Some properties of Covalent Compounds are: 

  • Exist as an individual rather than crystal
  • Covalent Compounds require less energy to pull them apart (weaker compounds compared to ionic bonds
  • lower melting and boiling point than an ionic bond

There are many types of covalent bonding including a single covalent bond, double covalent bond or triple covalent bond. Single Covalent Bond are the bonds that atoms share only a pair of electrons. Double Covalent Bond are the bonds that atoms share two pairs of electrons. Triple Covalent Bond are the bonds that atoms share three pairs of electrons.  

Another Example of Covalent Bonding is the water molecule, which consists of two hydrogen atoms (each with one valence electron) and oxygen (with 6 valence electrons). After they do covalent bonding with each other, they become the covalent compound.

Fun Facts: 

  • Noble Gases (Group 18 on the periodic table) have complete outer shells, which make them stable.
  • There’s a machine to see electrons and the structure of the atom. 
  • When an element is unstable, it is shaky (as viewed by scientists). 

Extra Experiment

This is an experiment when we pour water into the tubes, followed by cooking oil. We could see that the oil always stays separated from water. After that, we poured in food colorings and it slowly goes through the cooking oil but stays separated(as color droplets) and then slowly, the colors dropped into the water and created a wonderful sight. 
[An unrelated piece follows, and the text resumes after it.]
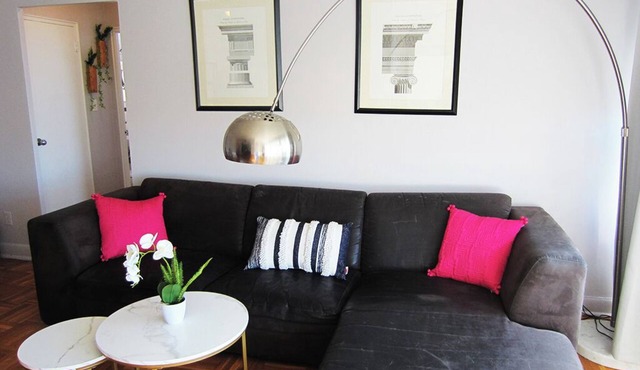 Parkdale Pad nA close walk to BudStage & the Waterfront.nPet friendly!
The Brief Science of Atoms



(Atoms Picture from Chem Boss) 

Everything that exists on this planet is made up of Atoms. Atoms are really tiny particles, consist of Electrons (negatively charged), Neutron, and Protons (Positively charged). Electrons are orbiting around the nucleus which includes Protons and Neutrons.

During the session of Atoms, I was in a group that researched specifically on Ions and Isotopes. According to my research, Ions are created when an atom has a net electrical charge due to the loss or gain of electrons. If an electron is lost, the atom will become a positive ion and if an electron is gained, the atom will become a negative ion.

Isotopes are a group of the same elements which has the same chemical properties, but what sets them apart is the numbers of neutrons and atomic mass. Based on the internet, Isotopes are given the same numbers of protons.

In other words, the changes of electrons can produce a net electrical charge in an atom and the changes of neutrons can change the atoms into isotopes.